CAPÍTULO IX

LLAMEANTE FURIA

MIENTRAS hablaba Ramadanoff en el pasillo, Doc se volvió. Llegó a la ventana en tres zancadas. Se oyó un sonido áspero que hubiera puesto los nervios de punta a cualquiera.

Lo producían las uñas de Doc al raspar el metal. El mismo mecanismo que había echado la barrera metálica delante de la puerta había echado otra delante de la ventana.

Puesto que puerta y ventana resultaban infranqueables, Doc soltó un puñetazo a la pared.

Fue una pérdida de tiempo. Descubrió que debajo del yeso, la pared estaba recubierta de metal.

Sin respirar aún, para no caer bajo los efectos de su propio gas, Doc cruzó el cuarto. Le quedaba una esperanza: el lado movible del “buró”.

No había tiempo para buscar el botón que lo hacía funcionar. Sólo tenía tiempo para destrozarlo.

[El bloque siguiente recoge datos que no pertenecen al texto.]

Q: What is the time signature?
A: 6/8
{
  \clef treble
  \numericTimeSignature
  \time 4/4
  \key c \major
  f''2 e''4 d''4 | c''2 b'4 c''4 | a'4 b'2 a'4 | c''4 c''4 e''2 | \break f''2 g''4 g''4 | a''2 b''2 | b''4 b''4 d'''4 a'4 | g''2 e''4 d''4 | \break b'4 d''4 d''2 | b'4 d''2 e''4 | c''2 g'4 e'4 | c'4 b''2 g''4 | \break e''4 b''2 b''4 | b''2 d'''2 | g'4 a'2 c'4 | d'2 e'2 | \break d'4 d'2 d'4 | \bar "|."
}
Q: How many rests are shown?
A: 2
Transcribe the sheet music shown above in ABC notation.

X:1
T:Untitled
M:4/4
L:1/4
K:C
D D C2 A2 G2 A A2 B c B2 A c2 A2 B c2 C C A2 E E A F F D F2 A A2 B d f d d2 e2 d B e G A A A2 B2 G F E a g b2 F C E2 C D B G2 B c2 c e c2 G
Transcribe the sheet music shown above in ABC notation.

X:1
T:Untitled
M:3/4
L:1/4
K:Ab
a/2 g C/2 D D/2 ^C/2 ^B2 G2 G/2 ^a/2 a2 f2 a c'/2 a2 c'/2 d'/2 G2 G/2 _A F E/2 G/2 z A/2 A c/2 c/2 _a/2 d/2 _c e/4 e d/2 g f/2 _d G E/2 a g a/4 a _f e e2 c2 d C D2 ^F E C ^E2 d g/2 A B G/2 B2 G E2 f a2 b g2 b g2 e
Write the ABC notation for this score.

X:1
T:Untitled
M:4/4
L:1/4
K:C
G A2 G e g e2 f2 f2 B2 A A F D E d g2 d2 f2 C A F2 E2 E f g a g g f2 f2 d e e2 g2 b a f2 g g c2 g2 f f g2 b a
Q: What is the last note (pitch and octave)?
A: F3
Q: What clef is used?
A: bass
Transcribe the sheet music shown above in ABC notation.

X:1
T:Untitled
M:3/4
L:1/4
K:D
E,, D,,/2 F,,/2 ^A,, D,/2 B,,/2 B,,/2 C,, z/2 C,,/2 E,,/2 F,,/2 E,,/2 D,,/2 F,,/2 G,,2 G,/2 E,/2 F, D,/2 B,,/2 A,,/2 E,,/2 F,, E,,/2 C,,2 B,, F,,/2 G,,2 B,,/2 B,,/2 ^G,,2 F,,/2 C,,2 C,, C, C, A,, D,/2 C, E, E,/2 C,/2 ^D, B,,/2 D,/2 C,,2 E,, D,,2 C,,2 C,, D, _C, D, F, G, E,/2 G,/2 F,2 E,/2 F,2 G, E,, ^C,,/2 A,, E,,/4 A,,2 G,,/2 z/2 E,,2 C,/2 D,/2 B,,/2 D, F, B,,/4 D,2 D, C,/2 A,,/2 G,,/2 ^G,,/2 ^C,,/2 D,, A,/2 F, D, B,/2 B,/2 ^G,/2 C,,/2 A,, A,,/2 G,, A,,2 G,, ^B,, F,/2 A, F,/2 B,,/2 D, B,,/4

Descargó una serie de puñetazos sobre él, pero no bastaron. Cargó con el hombro. Se apoyó contra la pared e hizo uso de las piernas y los pies.

Cogió una pesada silla y la esgrimió. Esta se rompió en una docena de pedazos sin que la madera se hubiera movido. ¡Estaba acorralado!

No por el gas, sin embargo, porque éste quedaría neutralizado a los pocos segundos de mezclarse con el aire.

Débilmente se oyeron voces procedentes de algún sitio indefinido. No se distinguían las palabras; pero Doc reconoció el tono. Eran Renny y Long Tom que gritaban desde alguna parte del edificio.

Habían oído el ruido y, comprendiendo que Doc se hallaba en la casa, gritaban frenéticamente en la esperanza de que les oyera y fuera a ponerles en libertad.

No podían saber que el hombre de bronce se hallaba en situación tan desesperada como la suya.

Doc podía respirar ya. La fuerza del gas se había disipado.

Se abalanzó contra el “buró”. Calculó su ataque de forma que entraran en juego todos los músculos de su cuerpo.

Los músculos se le apelotonaron y temblaron y de pronto, las piernas, que tenía dobladas, se enderezaron.

Se oyó ruido de metal roto al deshacerse el “buró”. Acabó su obra con las manos, haciendo un agujero lo bastante grande para poder meterse por él.

Descubrió que el lado movible del mueble daba a un pasadizo secreto ascendente, que en otros tiempos había formado parte del pozo de un montacargas pequeño.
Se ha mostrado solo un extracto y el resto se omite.